July 12, 2018—In an unprecedented transformation of global industry, autonomous vehicles are about to displace drivers and generate $7 trillion per year by 2050 according to a study commissioned by Intel.
- Fleets (trucks, buses, taxis, deliveries) likely first movers in autonomy uptake.
- Advanced vehicle vision and detection systems essential for industry advancement.
- Multiple system tests already under way in cityscapes across the world.
The study predicts autonomous vehicles will create a massive economic opportunity that will scale from $800 billion in 2035 to $7 trillion by 2050, taking into consideration the value of all products and services derived from fully autonomous vehicles, including tangential savings such as time.
The study also postulates that because of greatly enhanced safety, autonomous vehicles will save more than 580,000 lives between 2035 and 2045.
Companies that don't engage now and prepare for autonomous transportation risk failure or possibly even extinction. However, though the potential and opportunity are exciting for this burgeoning industry, technological hurdles must still be overcome. If history is any indicator, the complexities of autonomous transportation will be solved like all other technical challenges in emerging industries that have come before, and outsized rewards will be delivered to those who provide solutions.
At the vanguard of innovative autonomous transportation technologies, Foresight Autonomous Holdings Ltd. uses proprietary and field-proven stereoscopic technology to create advanced detection solutions that mimic human depth perception - one of the robotic "senses" necessary to move autonomous vehicles into the mainstream.

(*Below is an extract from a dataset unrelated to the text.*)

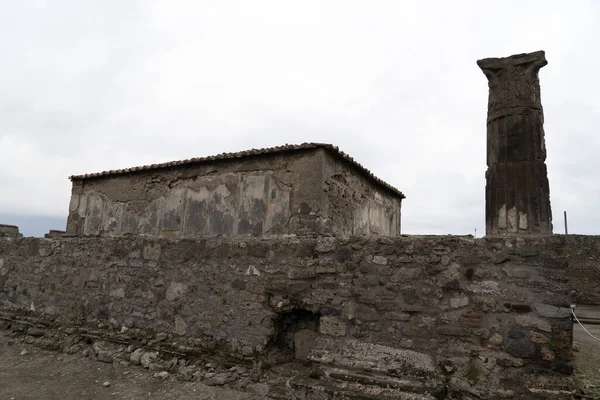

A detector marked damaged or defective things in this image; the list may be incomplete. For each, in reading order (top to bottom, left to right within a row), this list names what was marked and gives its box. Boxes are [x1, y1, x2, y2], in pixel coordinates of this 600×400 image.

damaged pillar [478, 52, 552, 236]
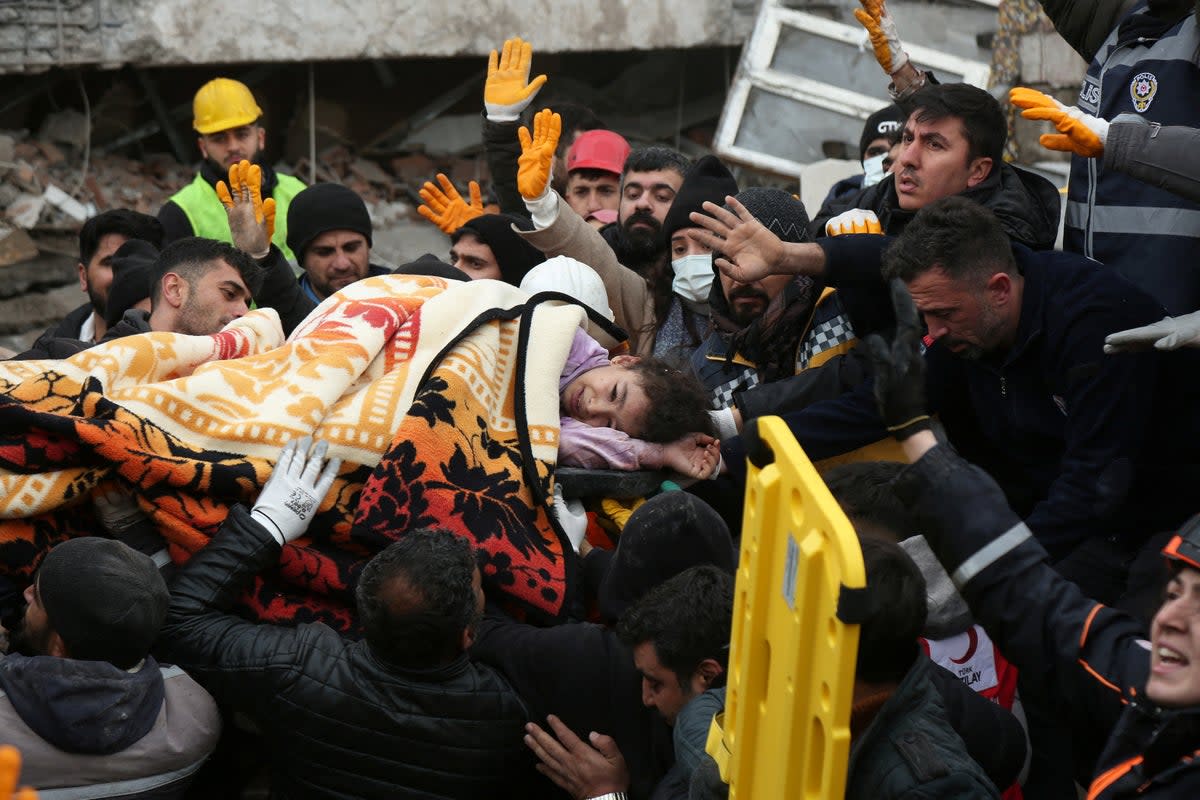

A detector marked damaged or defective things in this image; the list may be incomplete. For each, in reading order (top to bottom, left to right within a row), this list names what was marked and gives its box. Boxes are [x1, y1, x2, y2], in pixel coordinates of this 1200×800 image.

broken window frame [716, 1, 988, 177]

FLIR Systems, Inc. designs and delivers technologies to enhance perception and awareness, producing an automotive-qualified passive infrared sensor currently offered on several vehicles. Waymo, a subsidiary of Google's parent company, Alphabet Inc. started testing self-driving cars in 2009 and is recognized as a leader in the field. Ford Motor Company is aggressively testing autonomous vehicles to identify then target the most lucrative business model, while Tesla Inc. is leveraging its current semi-autonomous system, Autopilot, to collect real-world data about how those vehicles might perform fully autonomously.